▶ Records supplied:

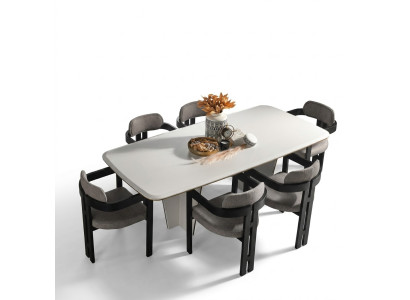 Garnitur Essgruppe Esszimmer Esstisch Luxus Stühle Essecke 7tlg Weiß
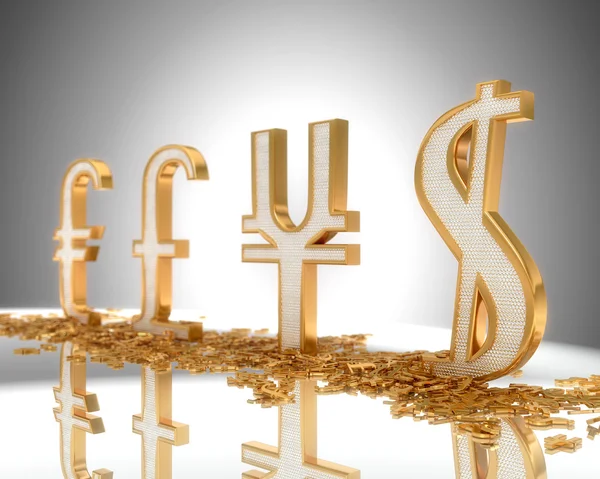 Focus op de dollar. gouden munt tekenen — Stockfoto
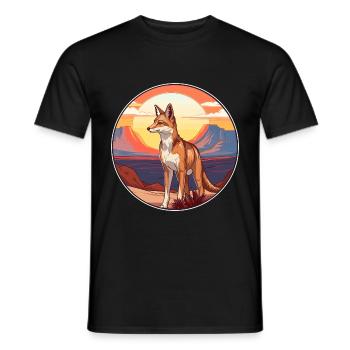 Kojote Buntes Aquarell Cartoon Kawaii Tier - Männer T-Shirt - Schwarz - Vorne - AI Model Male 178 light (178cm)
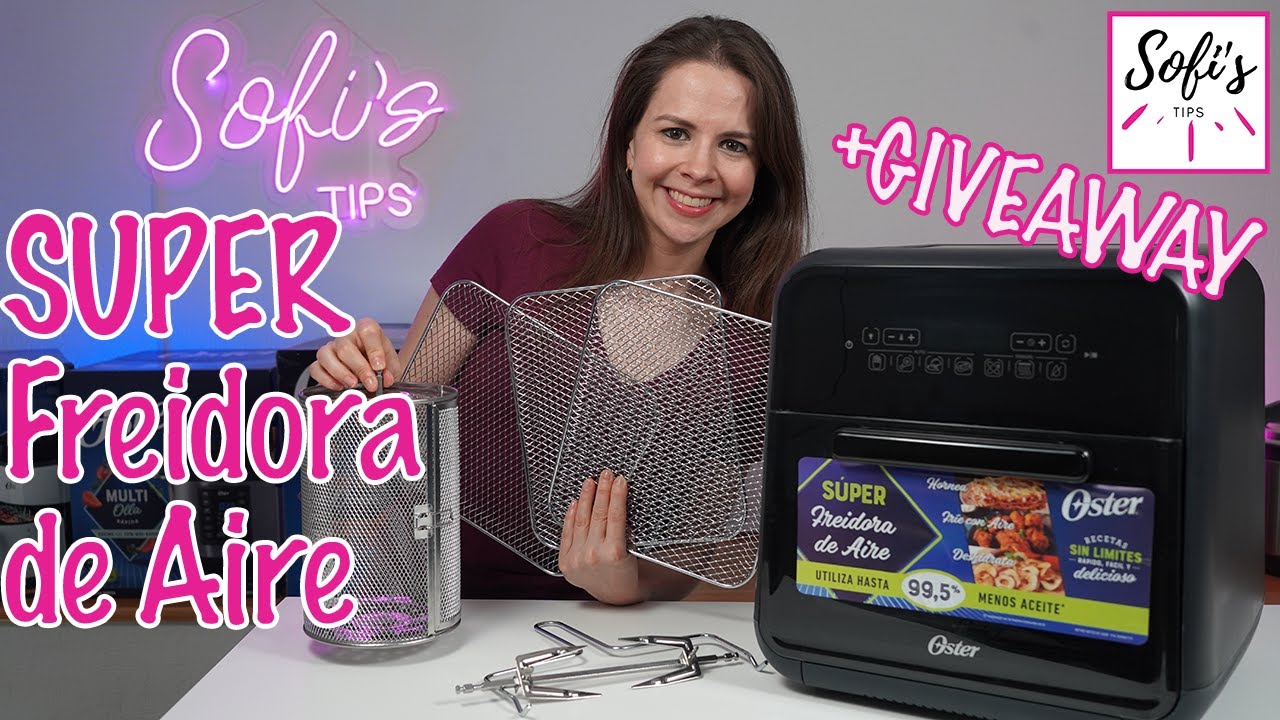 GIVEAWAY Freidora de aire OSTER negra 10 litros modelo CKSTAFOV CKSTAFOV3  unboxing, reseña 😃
...
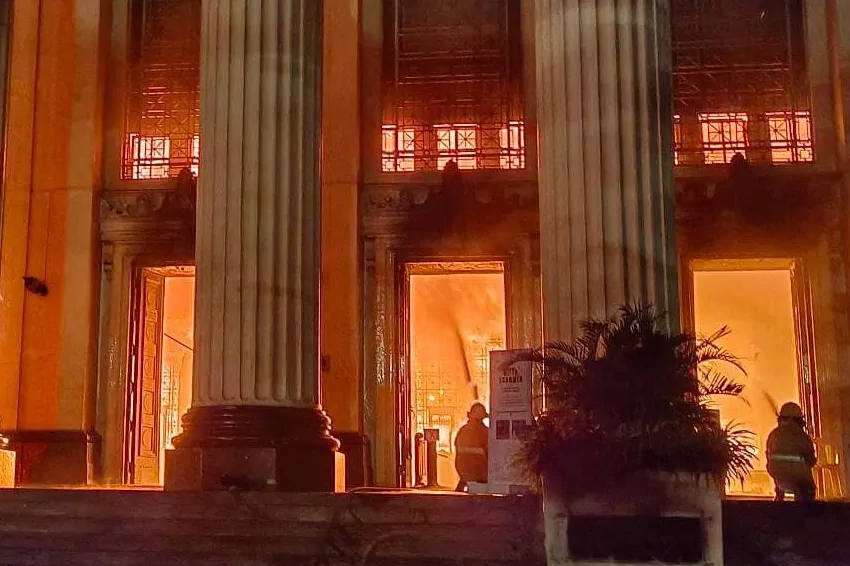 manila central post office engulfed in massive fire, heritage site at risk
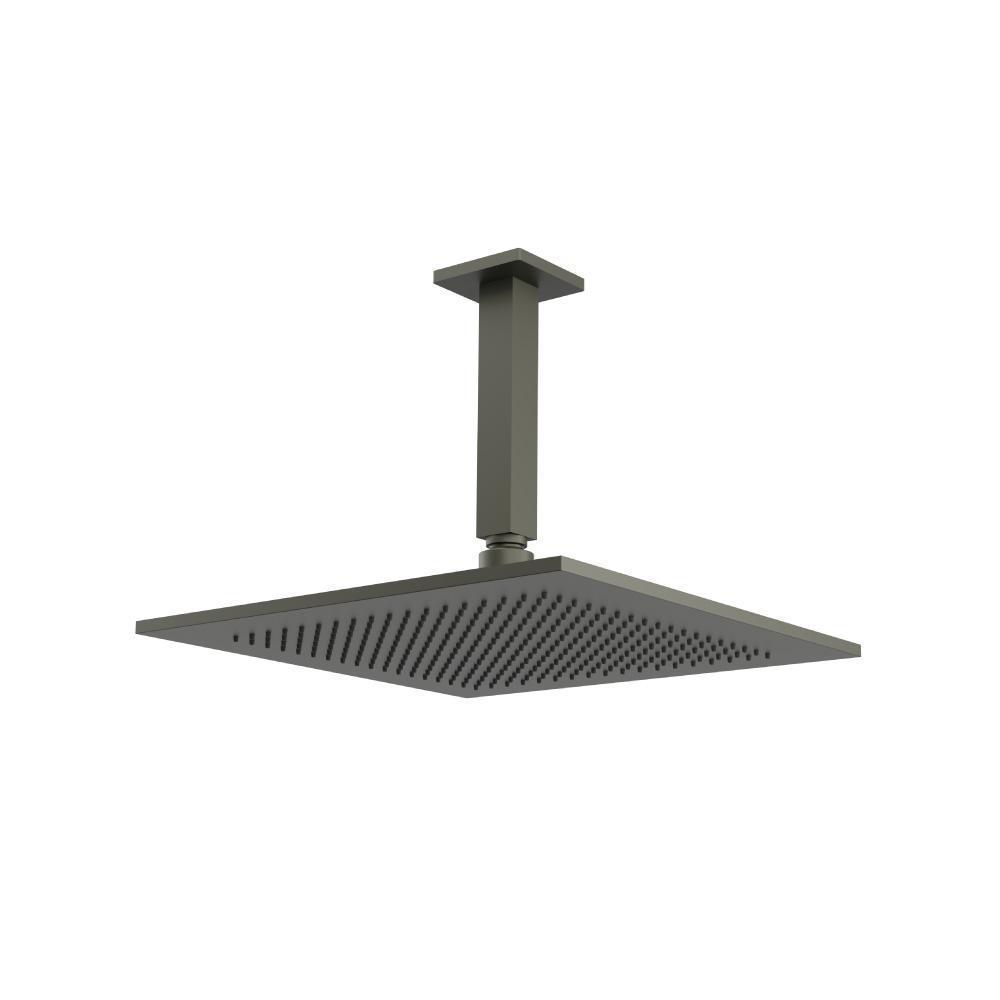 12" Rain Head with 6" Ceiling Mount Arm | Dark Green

▶ The task: From the records above, extract the lines from the one holding "Garnitur Essgruppe Esszimmer" through the one holding "GIVEAWAY Freidora de", word for word; omit the pictures.

▶ Finished exercise:
 Garnitur Essgruppe Esszimmer Esstisch Luxus Stühle Essecke 7tlg Weiß
 Focus op de dollar. gouden munt tekenen — Stockfoto
 Kojote Buntes Aquarell Cartoon Kawaii Tier - Männer T-Shirt - Schwarz - Vorne - AI Model Male 178 light (178cm)
 GIVEAWAY Freidora de aire OSTER negra 10 litros modelo CKSTAFOV CKSTAFOV3  unboxing, reseña 😃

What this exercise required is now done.